Dormi tutto il giorno e arrampicati sugli alberi la notte.
Fatti monaco e bevi pallettoni e birra.
Tieni la testa sott’acqua e suona il violino.
Fai la danza del ventre davanti a candele rosa.
Ammazza il tuo cane.
Candidati a sindaco.
Vivi in una botte.
Rompiti la testa con un’accetta.
Pianta tulipani nella pioggia.

Ma non scrivere poesie.

Interrogato sull’argomento in un’intervista, Bukowski dichiarò: “Immagino che quello che intendessi dire era che è meglio non far niente che far male qualcosa. Ma la questione reale è che ad oggi gli scrittori mediocri sono pieni di autostima, mentre quelli buoni dubitano di sé stessi. E quindi i cattivi scrittori continuano a scrivere le loro merdate e vanno in giro a leggerle ad un pubblico che per lo più è composto da altri scrittori mediocri che aspettano il proprio turno di parlare. L’atmosfera a questi reading è assassina, senz’aria, senza vita. Quando la mediocrità si raduna in un unico luogo per farsi le auto-congratulazioni, non porta a nient’altro che ad un nuovo, più profondo fallimento. Le folle sono i luoghi in cui si rifugiano i deboli; la creatività vera è un atto solitario.”

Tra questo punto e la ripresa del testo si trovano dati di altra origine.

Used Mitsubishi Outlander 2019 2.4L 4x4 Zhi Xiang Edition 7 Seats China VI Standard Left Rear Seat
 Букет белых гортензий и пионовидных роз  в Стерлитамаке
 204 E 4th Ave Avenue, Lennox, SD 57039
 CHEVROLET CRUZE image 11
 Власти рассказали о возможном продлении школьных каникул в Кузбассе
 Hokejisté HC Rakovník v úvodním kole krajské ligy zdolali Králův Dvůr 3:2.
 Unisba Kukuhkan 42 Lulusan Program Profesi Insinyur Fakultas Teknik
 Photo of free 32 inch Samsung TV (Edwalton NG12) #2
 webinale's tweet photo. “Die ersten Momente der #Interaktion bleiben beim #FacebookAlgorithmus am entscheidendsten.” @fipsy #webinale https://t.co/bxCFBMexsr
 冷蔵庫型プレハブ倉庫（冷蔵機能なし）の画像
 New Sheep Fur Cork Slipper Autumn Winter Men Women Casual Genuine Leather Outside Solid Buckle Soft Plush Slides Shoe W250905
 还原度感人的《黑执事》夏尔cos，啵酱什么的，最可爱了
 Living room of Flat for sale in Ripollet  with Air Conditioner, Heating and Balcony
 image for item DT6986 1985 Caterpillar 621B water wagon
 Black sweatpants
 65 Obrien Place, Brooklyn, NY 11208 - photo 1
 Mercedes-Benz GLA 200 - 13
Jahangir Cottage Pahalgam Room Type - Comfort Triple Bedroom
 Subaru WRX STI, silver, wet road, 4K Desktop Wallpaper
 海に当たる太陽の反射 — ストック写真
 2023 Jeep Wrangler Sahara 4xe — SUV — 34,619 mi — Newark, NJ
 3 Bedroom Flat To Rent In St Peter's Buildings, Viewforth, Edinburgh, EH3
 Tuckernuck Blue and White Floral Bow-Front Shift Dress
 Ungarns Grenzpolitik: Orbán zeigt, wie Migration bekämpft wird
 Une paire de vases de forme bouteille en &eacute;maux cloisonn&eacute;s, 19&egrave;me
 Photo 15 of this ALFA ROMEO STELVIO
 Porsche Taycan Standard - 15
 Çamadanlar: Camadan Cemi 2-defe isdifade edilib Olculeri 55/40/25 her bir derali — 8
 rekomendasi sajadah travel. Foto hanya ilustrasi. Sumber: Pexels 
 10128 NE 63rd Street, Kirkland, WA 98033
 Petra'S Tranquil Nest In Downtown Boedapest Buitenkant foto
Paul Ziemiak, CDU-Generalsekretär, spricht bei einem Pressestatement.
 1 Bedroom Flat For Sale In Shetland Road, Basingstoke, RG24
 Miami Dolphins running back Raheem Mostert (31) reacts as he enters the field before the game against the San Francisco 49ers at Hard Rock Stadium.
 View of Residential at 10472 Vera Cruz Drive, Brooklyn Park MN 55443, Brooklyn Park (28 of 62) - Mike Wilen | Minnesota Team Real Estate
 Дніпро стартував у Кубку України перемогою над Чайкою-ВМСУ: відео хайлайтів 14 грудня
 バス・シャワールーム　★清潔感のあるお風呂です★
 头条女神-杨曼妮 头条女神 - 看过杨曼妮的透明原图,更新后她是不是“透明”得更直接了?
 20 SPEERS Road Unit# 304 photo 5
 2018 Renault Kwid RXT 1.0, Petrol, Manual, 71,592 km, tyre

Facendo eco alle parole di Borges, secondo il quale la scrittura è una piacevole forma di pigrizia, Bukowski va avanti a sostenere che quest’atto solitario debba anche essere un momento – per una volta! – felice, e senza alcuno sforzo.

“Scrivere non è un lavoro, per niente… E quando la gente mi dice quando sia doloroso scrivere non riesco a capire cosa intendano, perché per me è come rotolare giù da un pendio, capisci? È liberatorio. È divertente. È un regalo, e vieni pagato per fare esattamente quello che vuoi fare! Io scrivo perché è quello che mi viene fuori – ed essere pagato, addirittura? Una volta dissi ad un amico che è come fare l’amore con una donna bellissima e, dopo, questa si alza, va alla borsa e ti allunga una mazzetta. Grazie, la prendo.”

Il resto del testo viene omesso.